The following is the first chapter of a novel I expect to release through G-Square Publishing toward the end of the year.
The name of the book is NIKKI ARMSTRONG, MEASURE OF A WOMAN".
It focuses of the adventures of a young black female who grew up in the projects, attended a prestigious college in New England, became an awarded Navy Pilot, New York City Police Officer and moved into independently fighting crime.
Nikki is a kickass woman who doesn't take sh*t from anyone. Please read the first chapter and let me know if there is anything about what you read that interest you and leaves you wanting more. This book will be availabe on paperback, ebook and audiobook. Your comments will help me make it the best that it can be. If any of you would like to read an advanced copy, please let me know.
CHAPTER 1
NOTHING IN LIFE HAPPENS IN A VACUUM
If my peace depends on external reality, then it is not peace
Detective Nikki Evelyn Armstrong, a decorated member of the United States Navy and the New York City Police Department, stood at the site of the freshly dug grave surrounded by its moist piles of dirt. From where she stood, Nikki could see all the acreage known as the Canarsie Cemetery.

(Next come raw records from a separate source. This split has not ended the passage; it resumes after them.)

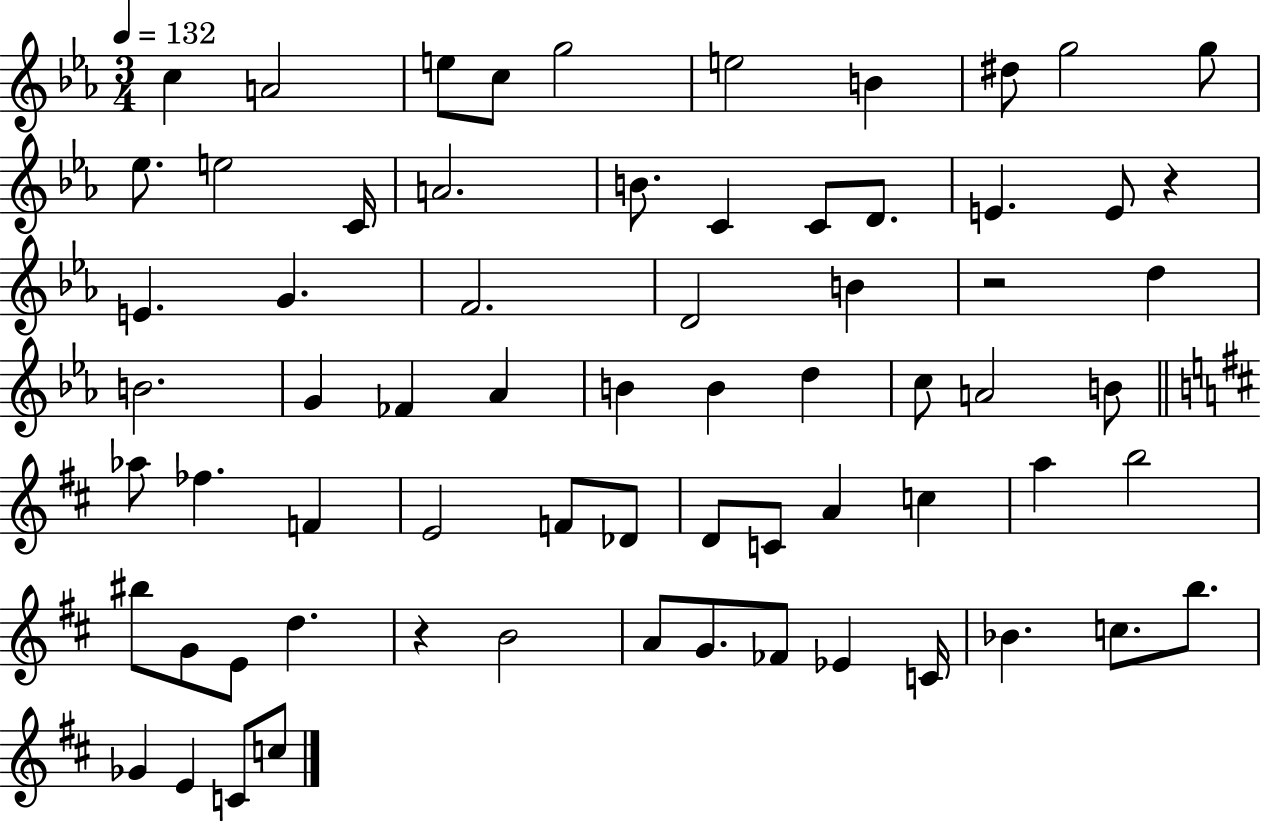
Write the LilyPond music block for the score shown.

{
  \clef treble
  \numericTimeSignature
  \time 3/4
  \key ees \major
  \tempo 4 = 132
  c''4 a'2 | e''8 c''8 g''2 | e''2 b'4 | dis''8 g''2 g''8 | \break ees''8. e''2 c'16 | a'2. | b'8. c'4 c'8 d'8. | e'4. e'8 r4 | \break e'4. g'4. | f'2. | d'2 b'4 | r2 d''4 | \break b'2. | g'4 fes'4 aes'4 | b'4 b'4 d''4 | c''8 a'2 b'8 | \break \bar "||" \break \key d \major aes''8 fes''4. f'4 | e'2 f'8 des'8 | d'8 c'8 a'4 c''4 | a''4 b''2 | \break bis''8 g'8 e'8 d''4. | r4 b'2 | a'8 g'8. fes'8 ees'4 c'16 | bes'4. c''8. b''8. | \break ges'4 e'4 c'8 c''8 | \bar "|."
}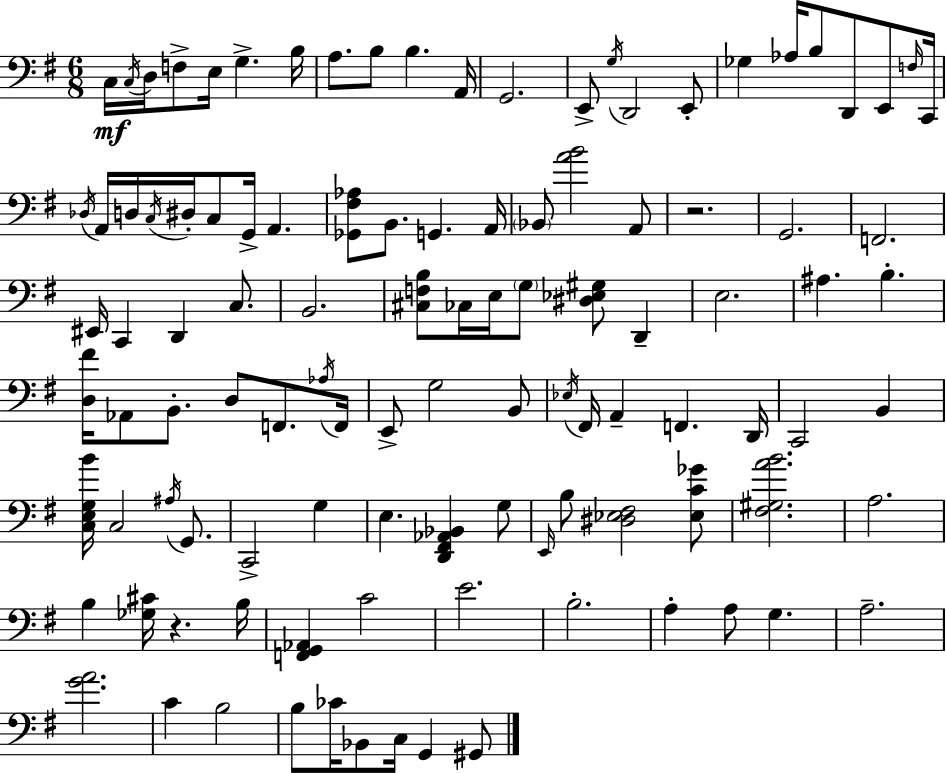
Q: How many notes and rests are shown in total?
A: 108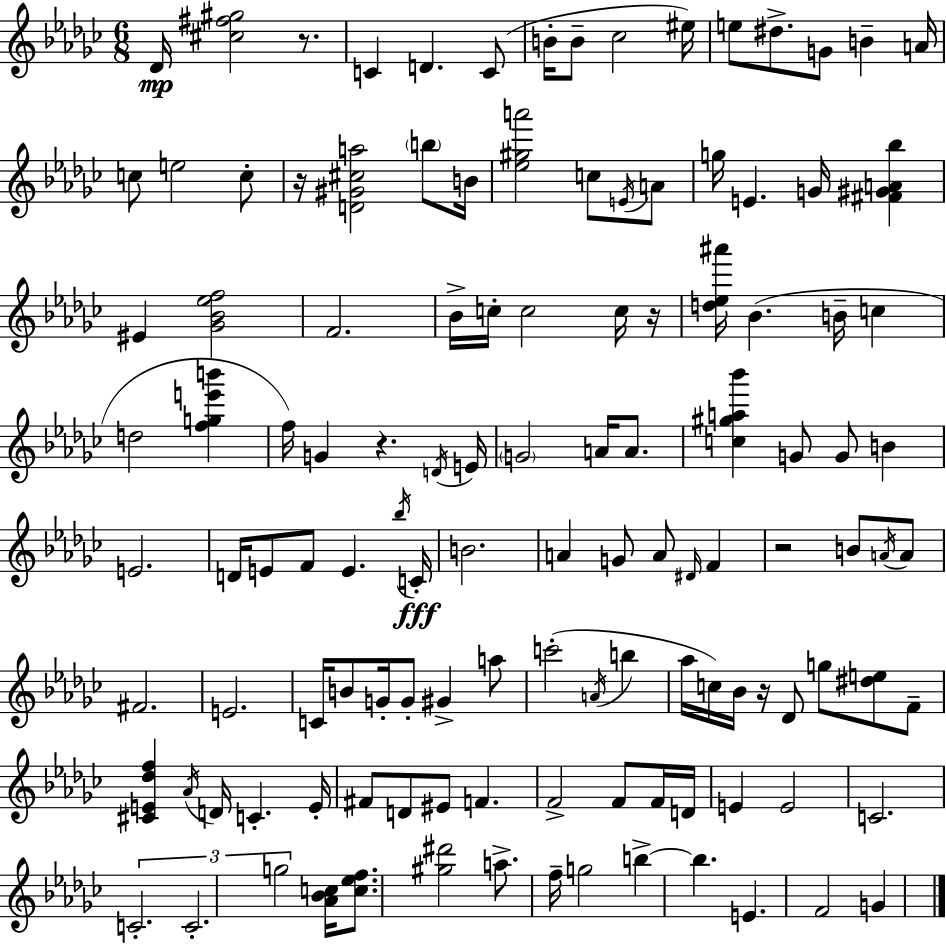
{
  \clef treble
  \numericTimeSignature
  \time 6/8
  \key ees \minor
  \repeat volta 2 { des'16\mp <cis'' fis'' gis''>2 r8. | c'4 d'4. c'8( | b'16-. b'8-- ces''2 eis''16) | e''8 dis''8.-> g'8 b'4-- a'16 | \break c''8 e''2 c''8-. | r16 <d' gis' cis'' a''>2 \parenthesize b''8 b'16 | <ees'' gis'' a'''>2 c''8 \acciaccatura { e'16 } a'8 | g''16 e'4. g'16 <fis' gis' a' bes''>4 | \break eis'4 <ges' bes' ees'' f''>2 | f'2. | bes'16-> c''16-. c''2 c''16 | r16 <d'' ees'' ais'''>16 bes'4.( b'16-- c''4 | \break d''2 <f'' g'' e''' b'''>4 | f''16) g'4 r4. | \acciaccatura { d'16 } e'16 \parenthesize g'2 a'16 a'8. | <c'' gis'' a'' bes'''>4 g'8 g'8 b'4 | \break e'2. | d'16 e'8 f'8 e'4. | \acciaccatura { bes''16 }\fff c'16-. b'2. | a'4 g'8 a'8 \grace { dis'16 } | \break f'4 r2 | b'8 \acciaccatura { a'16 } a'8 fis'2. | e'2. | c'16 b'8 g'16-. g'8-. gis'4-> | \break a''8 c'''2-.( | \acciaccatura { a'16 } b''4 aes''16 c''16) bes'16 r16 des'8 | g''8 <dis'' e''>8 f'8-- <cis' e' des'' f''>4 \acciaccatura { aes'16 } d'16 | c'4.-. e'16-. fis'8 d'8 eis'8 | \break f'4. f'2-> | f'8 f'16 d'16 e'4 e'2 | c'2. | \tuplet 3/2 { c'2.-. | \break c'2.-. | g''2 } | <aes' bes' c''>16 <c'' ees'' f''>8. <gis'' dis'''>2 | a''8.-> f''16-- g''2 | \break b''4->~~ b''4. | e'4. f'2 | g'4 } \bar "|."
}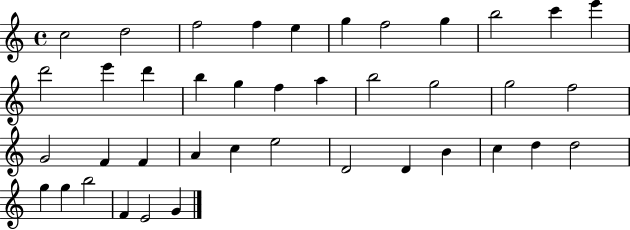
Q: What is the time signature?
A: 4/4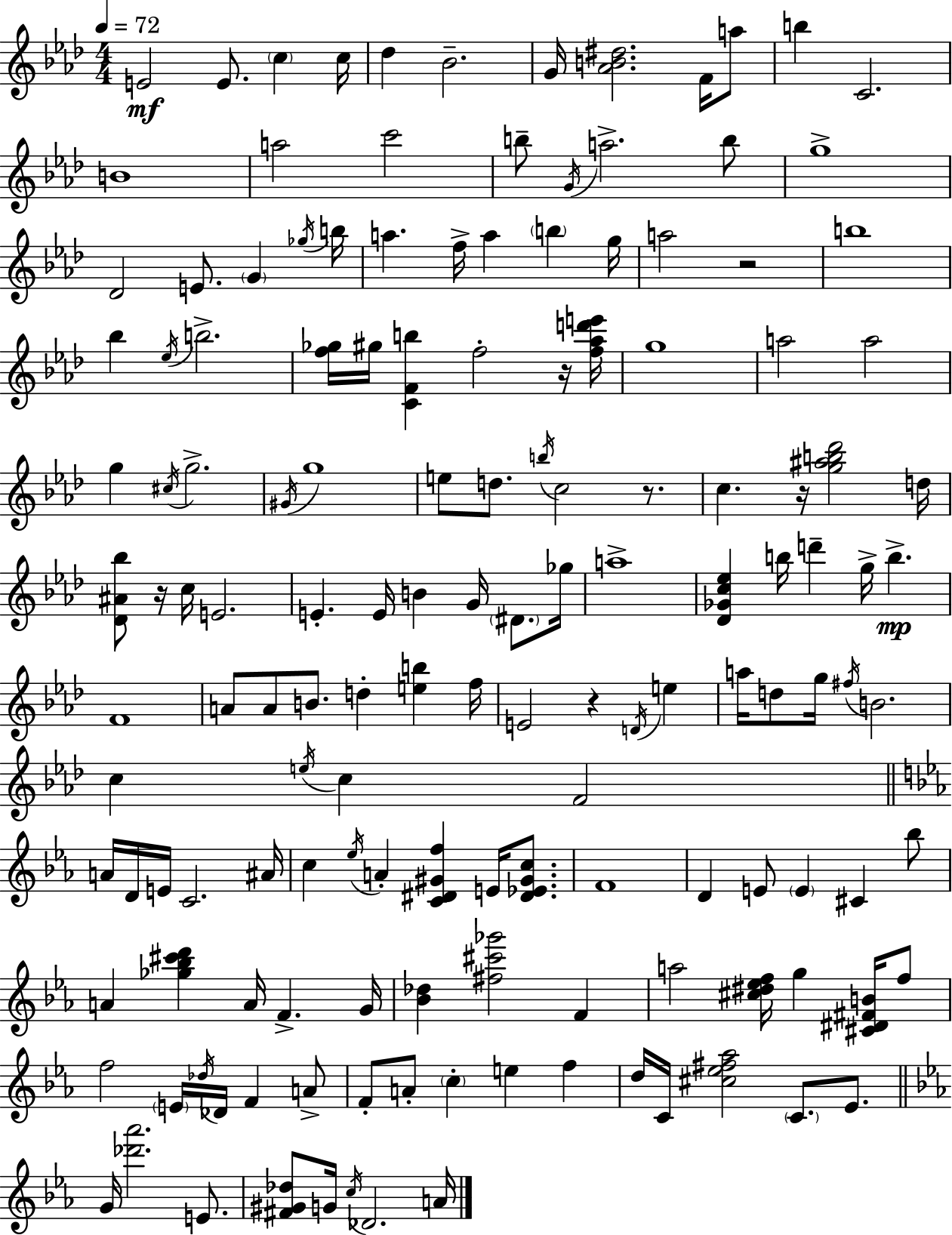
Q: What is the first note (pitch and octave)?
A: E4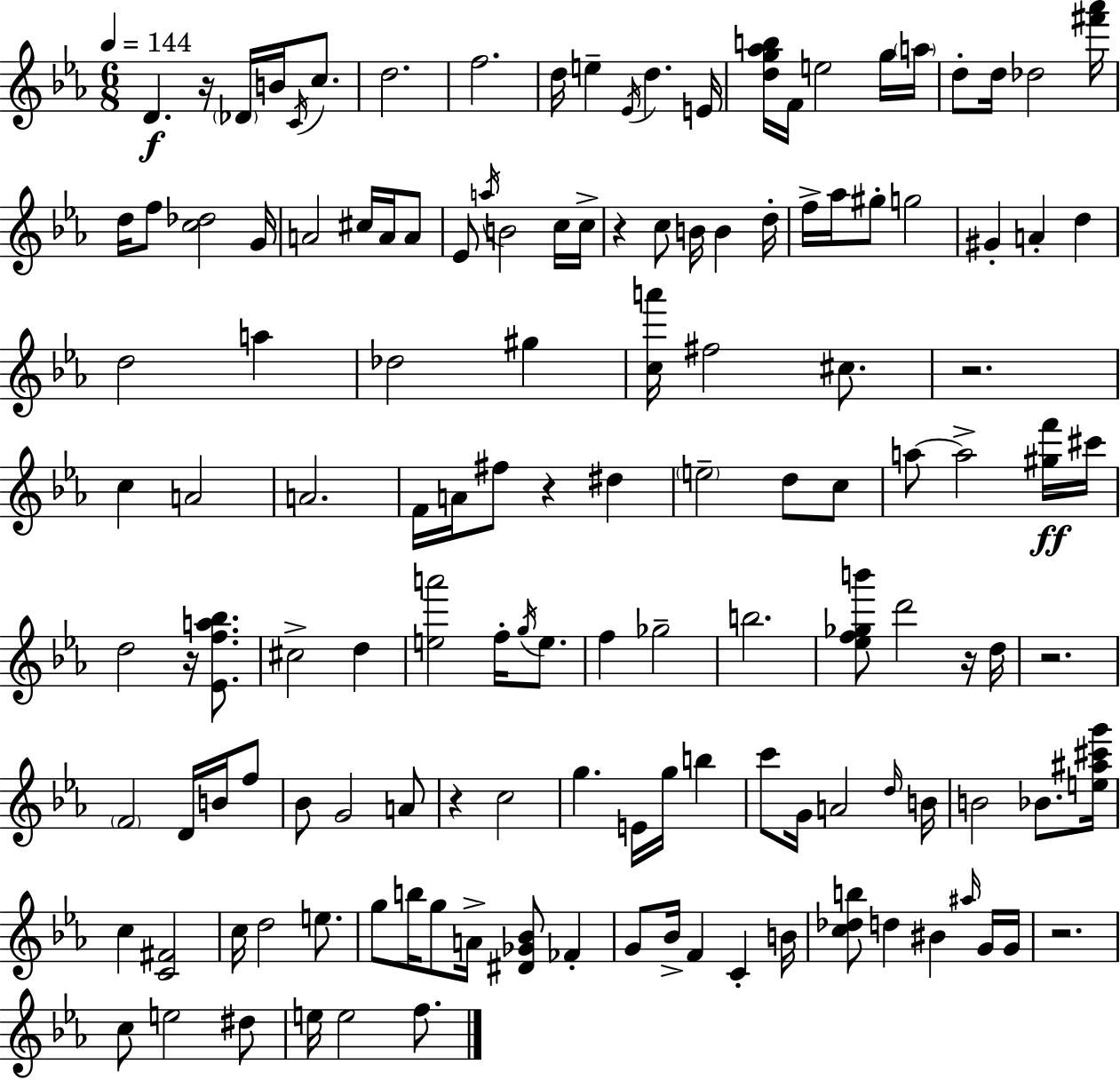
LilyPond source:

{
  \clef treble
  \numericTimeSignature
  \time 6/8
  \key ees \major
  \tempo 4 = 144
  d'4.\f r16 \parenthesize des'16 b'16 \acciaccatura { c'16 } c''8. | d''2. | f''2. | d''16 e''4-- \acciaccatura { ees'16 } d''4. | \break e'16 <d'' g'' aes'' b''>16 f'16 e''2 | g''16 \parenthesize a''16 d''8-. d''16 des''2 | <fis''' aes'''>16 d''16 f''8 <c'' des''>2 | g'16 a'2 cis''16 a'16 | \break a'8 ees'8 \acciaccatura { a''16 } b'2 | c''16 c''16-> r4 c''8 b'16 b'4 | d''16-. f''16-> aes''16 gis''8-. g''2 | gis'4-. a'4-. d''4 | \break d''2 a''4 | des''2 gis''4 | <c'' a'''>16 fis''2 | cis''8. r2. | \break c''4 a'2 | a'2. | f'16 a'16 fis''8 r4 dis''4 | \parenthesize e''2-- d''8 | \break c''8 a''8~~ a''2-> | <gis'' f'''>16\ff cis'''16 d''2 r16 | <ees' f'' a'' bes''>8. cis''2-> d''4 | <e'' a'''>2 f''16-. | \break \acciaccatura { g''16 } e''8. f''4 ges''2-- | b''2. | <ees'' f'' ges'' b'''>8 d'''2 | r16 d''16 r2. | \break \parenthesize f'2 | d'16 b'16 f''8 bes'8 g'2 | a'8 r4 c''2 | g''4. e'16 g''16 | \break b''4 c'''8 g'16 a'2 | \grace { d''16 } b'16 b'2 | bes'8. <e'' ais'' cis''' g'''>16 c''4 <c' fis'>2 | c''16 d''2 | \break e''8. g''8 b''16 g''8 a'16-> <dis' ges' bes'>8 | fes'4-. g'8 bes'16-> f'4 | c'4-. b'16 <c'' des'' b''>8 d''4 bis'4 | \grace { ais''16 } g'16 g'16 r2. | \break c''8 e''2 | dis''8 e''16 e''2 | f''8. \bar "|."
}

The cemetery was a City-owned burial ground, which ran along Remsen Avenue in Brooklyn, New York, just a few blocks south of Canarsie Park, once a part of the famed hunting ground of the Canarsie Indians, and about two miles from the Belt Parkway, the handy escape route for many Canarsie residents needing to just get away for a while.
This sacred ground was open to the public as a site to honor loved ones who had gone home to be with the Lord, or for those who question the existence of a higher being, it was no more than a final resting place.
Over the years, it had become more and more the resting place for those who had passed on with no one willing to or maybe able to celebrate their life. Many of the Canarsie residents had taken to calling it, Boot Hill.
Nikki began to shed a tear as her finely manicured, slender fingers stroked the oversized wooden casket sprinkled with knotholes, splinters and other imperfections that housed the small body of Kamari Prescott. A young boy who seemed to love life despite its harsh realities.
Kamari had been befriended by abuse far too often in his battered young life and visited by death much too early than what Nikki believed the good Lord intended. As she stood at the grave, she questioned the wisdom of God’s gift of free will.
It was clear to her that human beings had misused this precious gift. She was hoping that one day soon, God would remove the scales from the marred eyes of what seemed to be countless numbers of human beings daily abusing this unmerited gift.
It appeared that in Boot Hill, caskets for impoverished members of society were purchased in bulk, and only came in one size, much like death itself.
Nikki felt there was nothing spiritual or humbling about the place where she stood; everything was reduced to an assembly line process with the sole intent to get the product to the assigned hole in the ground.
Nikki shook her head when she realized that the hole she stood before already had at least four other wooden caskets in it riddled with imperfections and housing the remains of life all but forgotten.
Nikki thought to herself; I was always told that we enter life alone and we exit it alone. I guess no one here got the damn memo. Life meant nothing here, nor did death. All that mattered was keeping the damn assembly line moving.
Nikki, was flanked on either side by two impatient gravediggers leaning on government-issued shovels, reminded her for the third time that union rules required that they take lunch no later than noon.
There was a dirt truck standing by just a few yards away with three other gravediggers standing outside waiting to whisk away the two men to the nearest Fast-food hamburger joint for an artery-blocking meal and a step closer to their own holes, complete with government shovels and workers as soon as Nikki released them from their current disposal chores.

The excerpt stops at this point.